6feb

EMCC TO CELEBRATE BLACK HISTORY MONTH

News 
East Mississippi Community College will host Black History Month programs at its Golden Triangle and Scooba campuses. The Golden Triangle program will include a building dedication in honor of Johnny W. Fisher, who passed away last year. Pictured here is Fisher’s wife, Currie Jean Brewer Fisher, at right, with a photo of her husband.

February 6, 2018

The public is invited to attend Black History Month celebrations at East Mississippi Community College’s Golden Triangle and Scooba campuses.

The Black History program at the college’s Golden Triangle campus will take place Feb. 19 beginning at 11 a.m. in the Lyceum Auditorium and will include a building dedication in honor of the memory of a longtime EMCC employee who passed away last year.

The program at the college’s Scooba campus will take place Feb. 21 at 7 p.m. in Stennis Hall Auditorium.

The guest speaker at the Golden Triangle campus will be U.S. Air Force retired Command Chief Master Sgt. Dr. Rita Felton, a senior enlisted advisor who reported directly to the Wing Commander at Columbus Air Force Base.

A former member of the 14th Flying Training Wing, Felton served as the Wing Commander’s personal subject matter expert on mission effectiveness, professional development, military readiness, training, utilization, and health, morale and welfare. She was the first African American female appointed to the position.

After she retired, Felton started Felton Consulting Group, a leadership development and consulting company based in Columbus. Felton is also the AFJROTC instructor at Columbus High School.

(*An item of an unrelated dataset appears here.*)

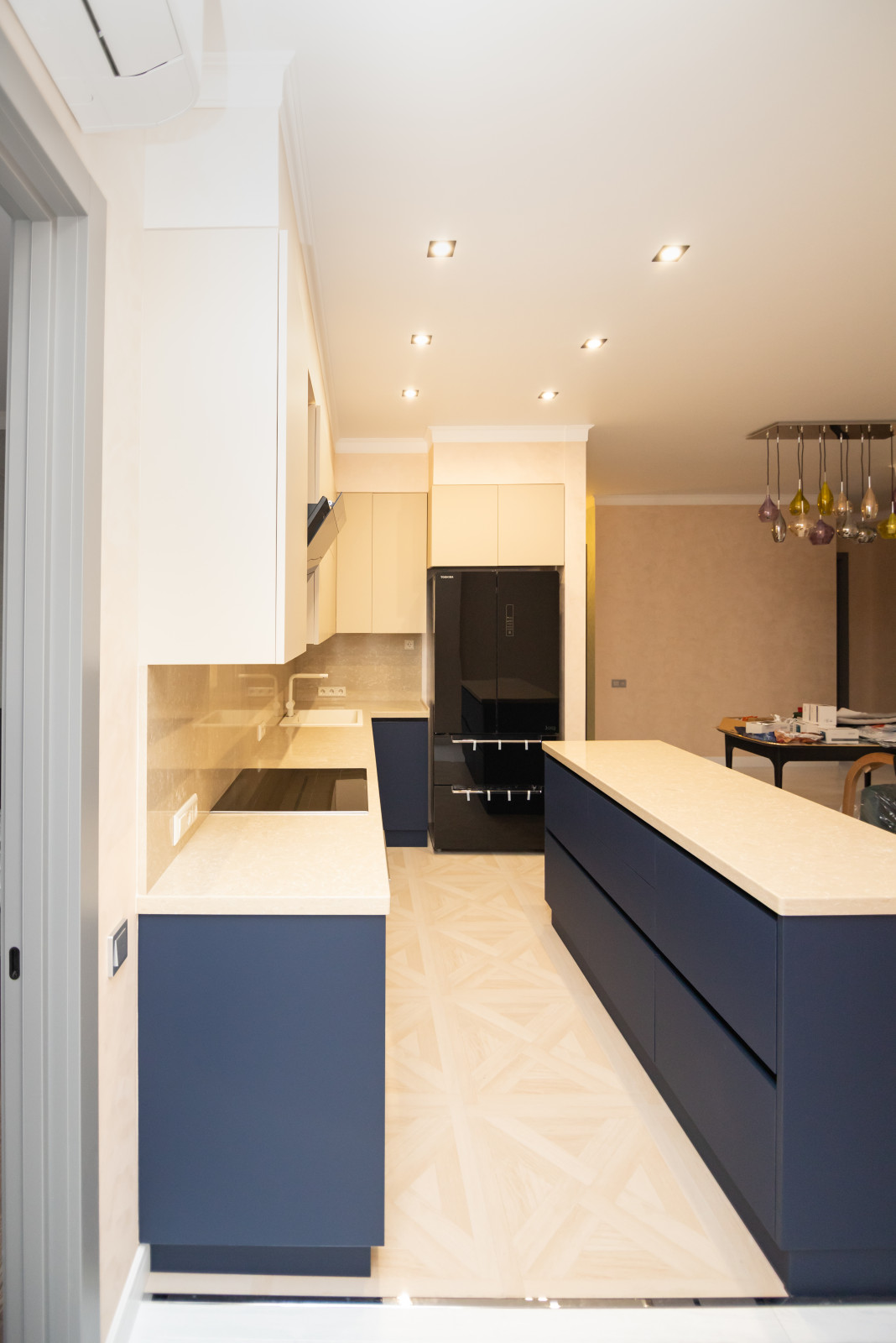 Бело-синяя кухня в современном стиле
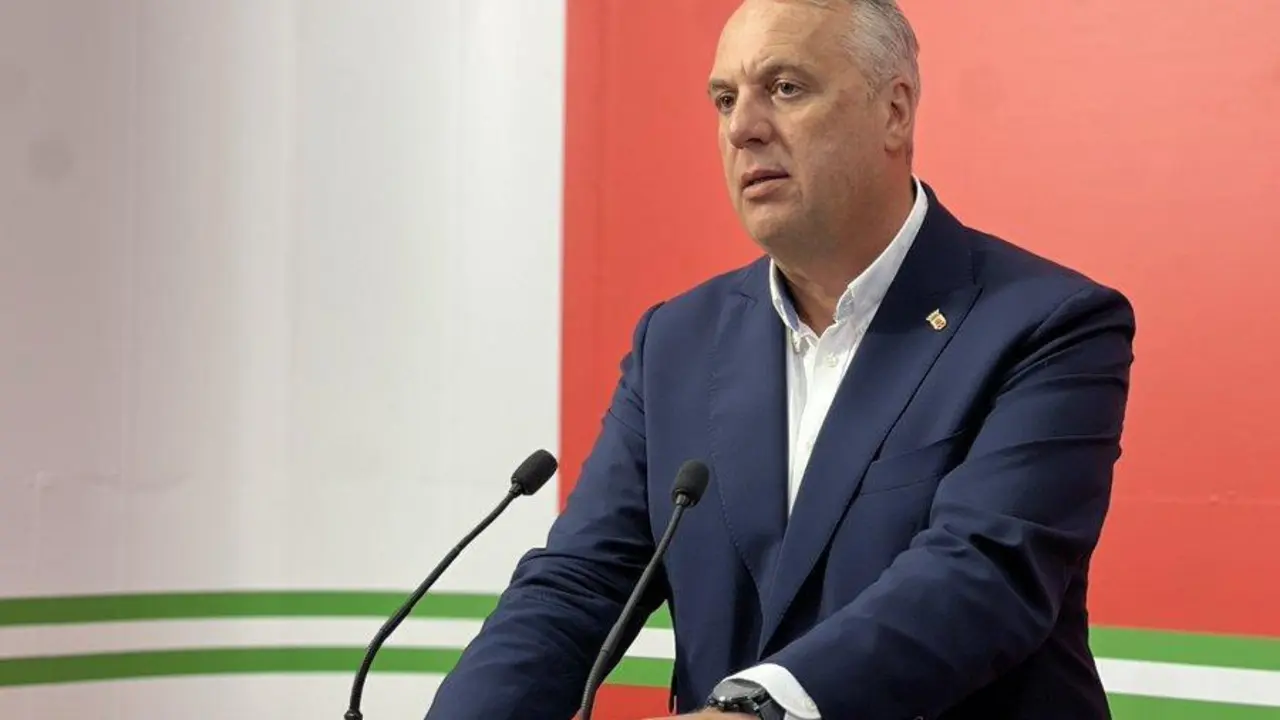 Ruiz Boix, en rueda de prensa. - VIVA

At the conclusion of the ceremony, guests are invited to attend the dedication of the Johnny W. Fisher Math and Science Building. Fisher taught Criminal Justice at EMCC’s Golden Triangle campus from 2008 until he passed away last August.

Fisher enrolled at then-East Mississippi Junior College for the 1969-70 academic year, helping lead the 1969 EMJC football team to a 9-1 record. He garnered National Junior College Athletic Association (NJCAA) All-American honors and was named to the Mississippi Junior College Association’s All-State/North Division squad.

He earned a Master of Science degree in Criminal Justice in 1977 from Coppin State University in Baltimore, Maryland.

Following a career in law enforcement and a stint with the U.S. Drug Enforcement Agency, Fisher moved back home to Columbus and accepted the job at EMCC, serving on the Development Foundation’s “Bull” Sullivan Memorial Division and the EMCC Development Foundation Board of Directors.

He was inducted into the EMCC Sports Hall of Fame in 2004 and the Mississippi Community College Sports Hall of Fame in 2012.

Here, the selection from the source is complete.